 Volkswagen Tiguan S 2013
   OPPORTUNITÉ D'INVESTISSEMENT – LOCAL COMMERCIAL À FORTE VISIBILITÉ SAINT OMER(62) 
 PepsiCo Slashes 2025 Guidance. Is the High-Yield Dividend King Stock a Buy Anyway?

--

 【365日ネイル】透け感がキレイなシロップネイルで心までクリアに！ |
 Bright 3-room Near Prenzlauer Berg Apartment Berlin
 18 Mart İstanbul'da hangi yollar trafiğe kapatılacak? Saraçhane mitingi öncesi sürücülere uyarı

* Work to complete *
Start with the line above that contains "Bright 3-room Near" and stop after the line that contains "18 Mart İstanbul'da". Output those lines exactly, and only those.

* Output of the task *
 Bright 3-room Near Prenzlauer Berg Apartment Berlin
 18 Mart İstanbul'da hangi yollar trafiğe kapatılacak? Saraçhane mitingi öncesi sürücülere uyarı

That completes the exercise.